→ REQUIRED ACTION
Once you find the line with "Loki Community Post thumbnail 3" in the listing below, set down exactly every line from it through the line with "Cody inspecting the", but no pictures.

→ DATA PROVIDED

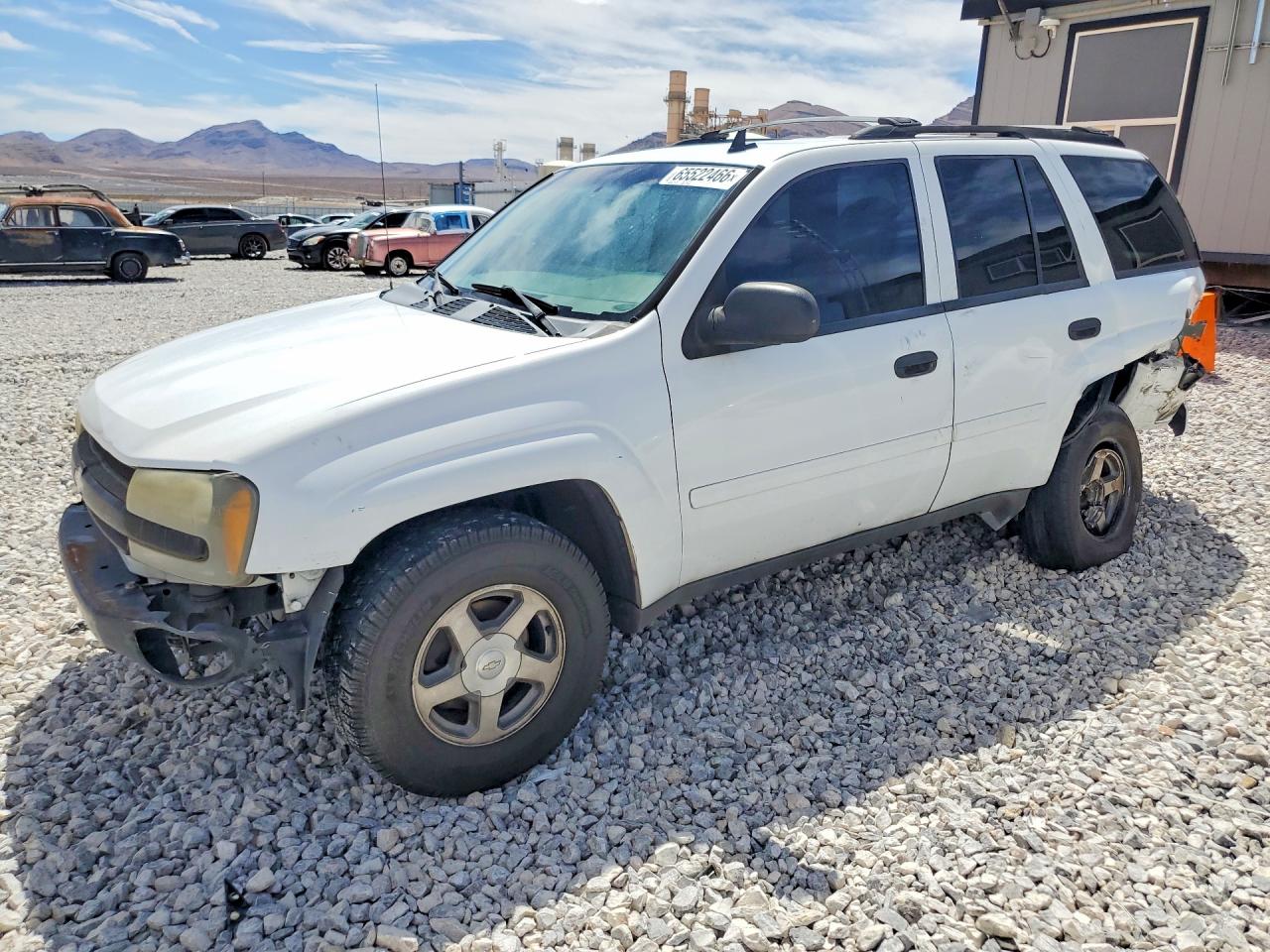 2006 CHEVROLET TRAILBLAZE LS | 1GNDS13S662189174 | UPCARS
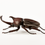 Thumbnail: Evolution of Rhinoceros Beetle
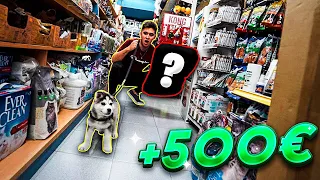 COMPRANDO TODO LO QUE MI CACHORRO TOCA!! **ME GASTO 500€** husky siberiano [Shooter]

* * *

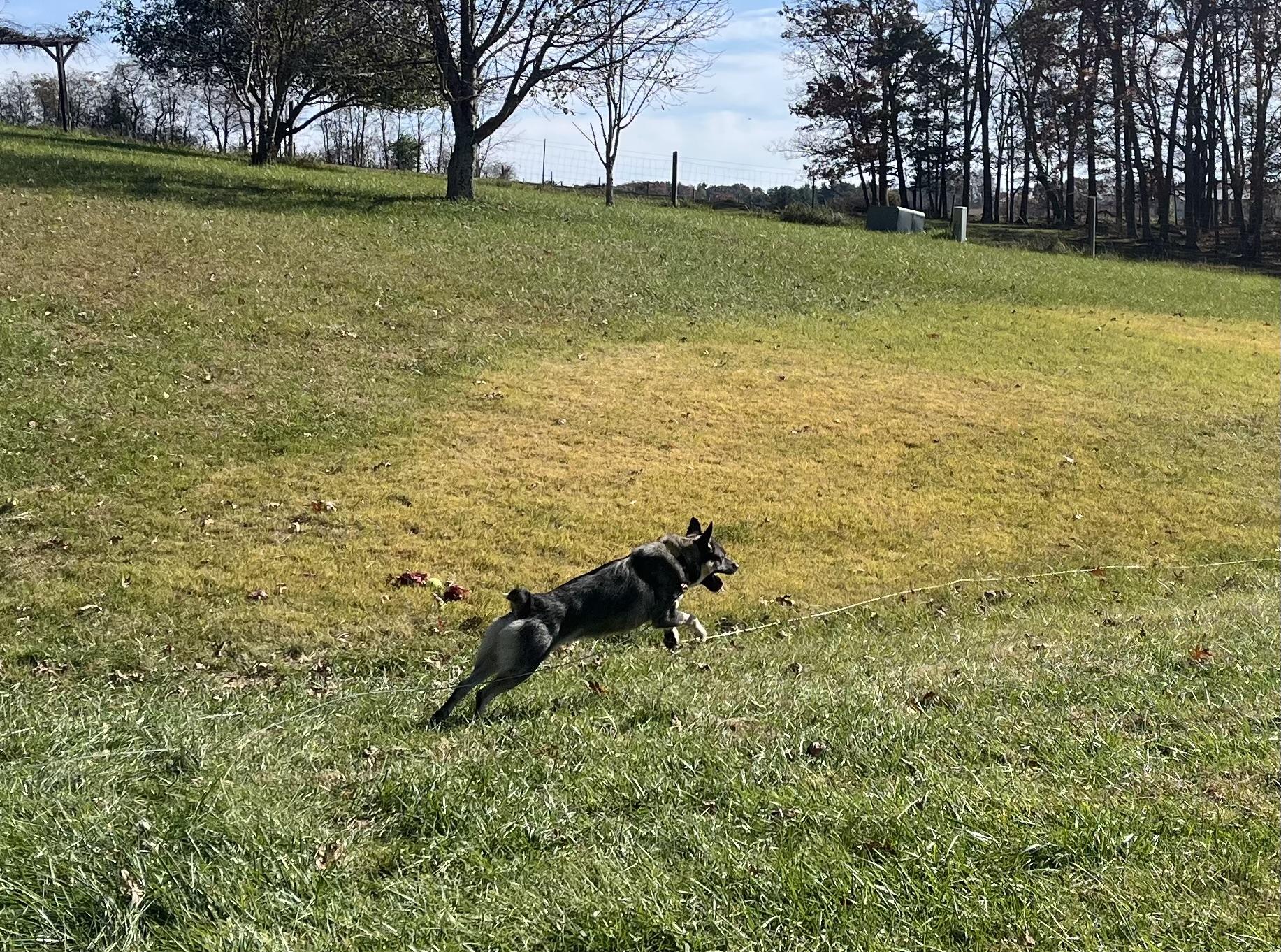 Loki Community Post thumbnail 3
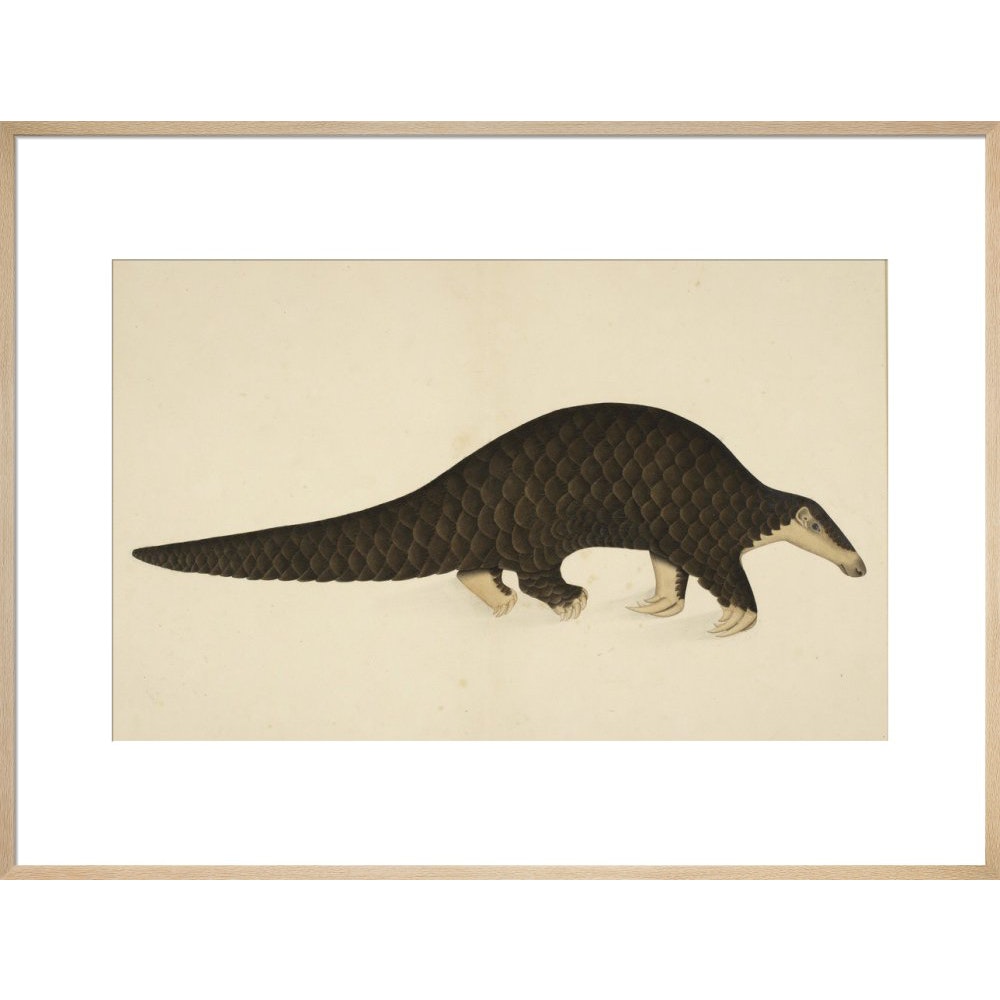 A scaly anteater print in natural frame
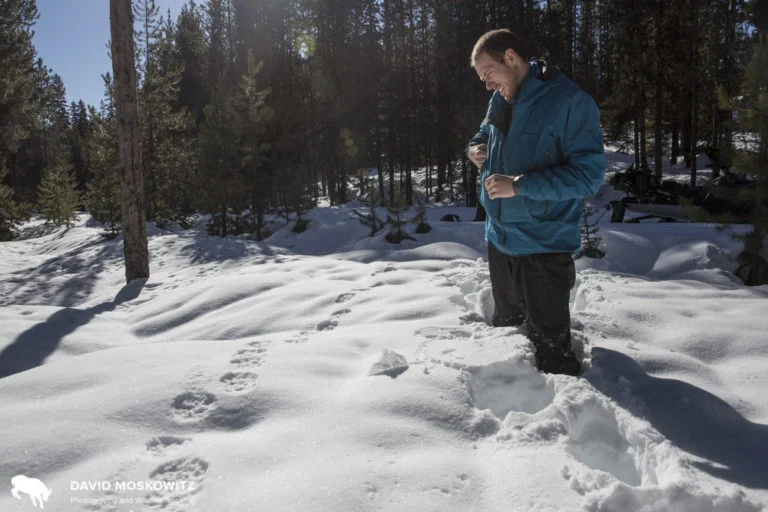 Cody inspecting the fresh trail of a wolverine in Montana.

→ SOLVED EXERCISE
 Loki Community Post thumbnail 3
 A scaly anteater print in natural frame
 Cody inspecting the fresh trail of a wolverine in Montana.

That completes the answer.